Oyster Farming Might Just Help Revitalize the Ocean
Inside a different kind of sustainable farming
There are things that can help revitalize the environment, and there are things that can be sustainably fared. Far more rare are examples of things that are both sustainable and restorative — but a growing body of research suggests that this is precisely the case when it comes to oysters.
A new article by Melody Schreiber at The New Republic looks at this paradoxical aspect of oysters — and what it might mean for questions of sustainability moving forwards. “Oysters provide crucial environmental benefits in a changing climate, even when they are farmed,” Schreiber writes. “And unlike other crops, it would be difficult to overfarm them.”
The example Schreiber cites is in the Chesapeake Bay, which went from 26,000 bushels of oysters farmed in 2004 to 900,000 in 2015 — something that’s had an impact on the local environment and the local economy. Oysters are able to filter local waterways on a large scale, and they also help address the effects of climate change.
Is there a paradox here, given that farming oysters can nonetheless lead to larger oyster populations? Dr. Brandon Puckett of the North Carolina Coastal Reserve and National Estuarine Research Reserve doesn’t think so. “As a society, we tend to protect what we treasure,” he told The New Republic.

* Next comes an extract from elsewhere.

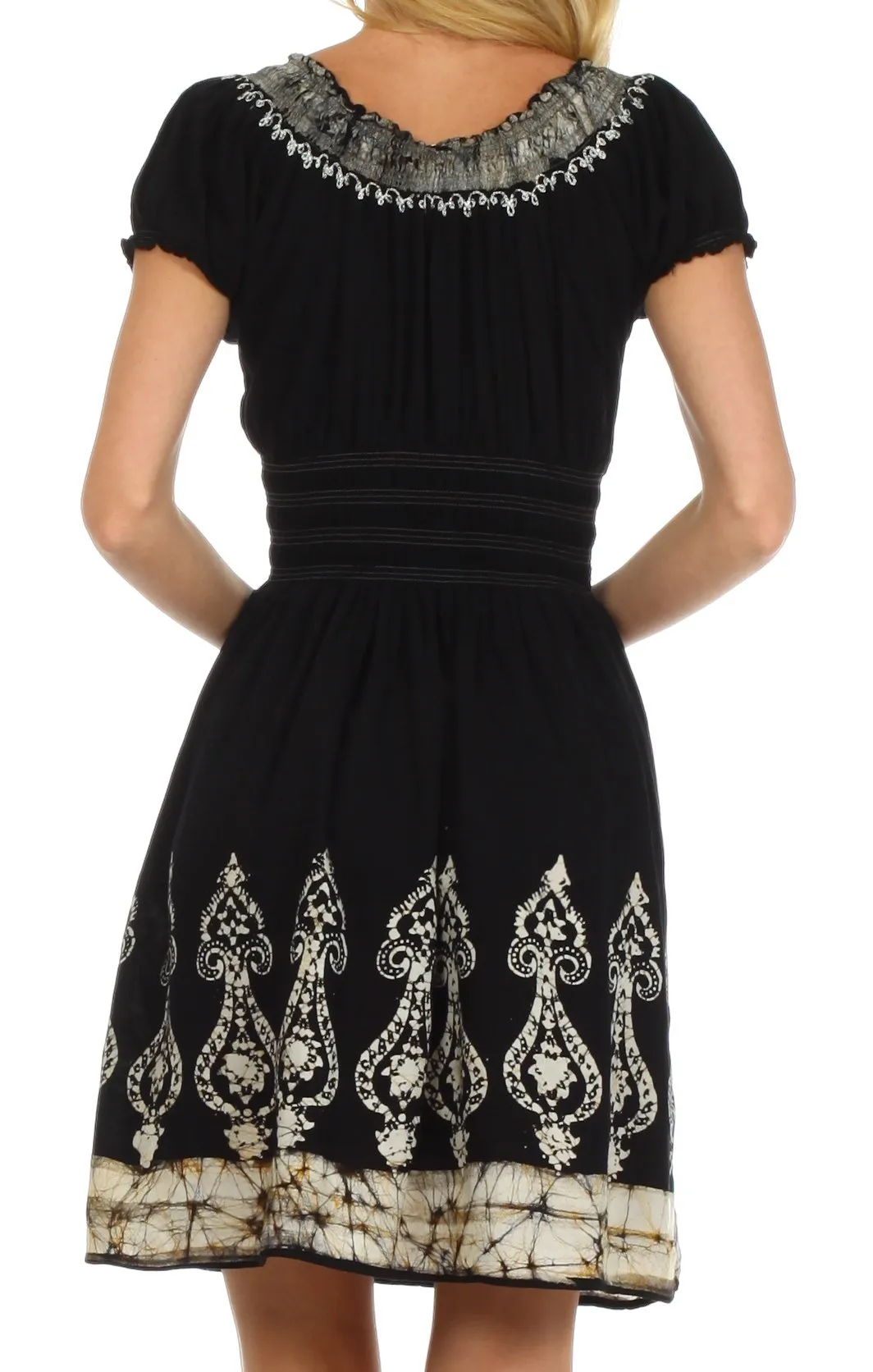 Sakkas Ladli Batik Embroidered Dress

It’s an idea that has drawn attention in numerous waterways and waterfront environments. The Billion Oyster Project in New York City has installed 14 oyster reef sites to date, for instance. The organization’s founders also look back on a time when the waters in the region were clearer due to the oyster population of a previous century.
Cleaner water, more diverse aquatic populations and more oysters for everyone seems like an excellent combination. One thing to remember, though — if you’re eating oysters at home, make sure you recycle the shell. Turns out oyster shells are an essential component of oyster reefs. You can say that the oysters you just are are helping make the world a cleaner place — and you’d be right.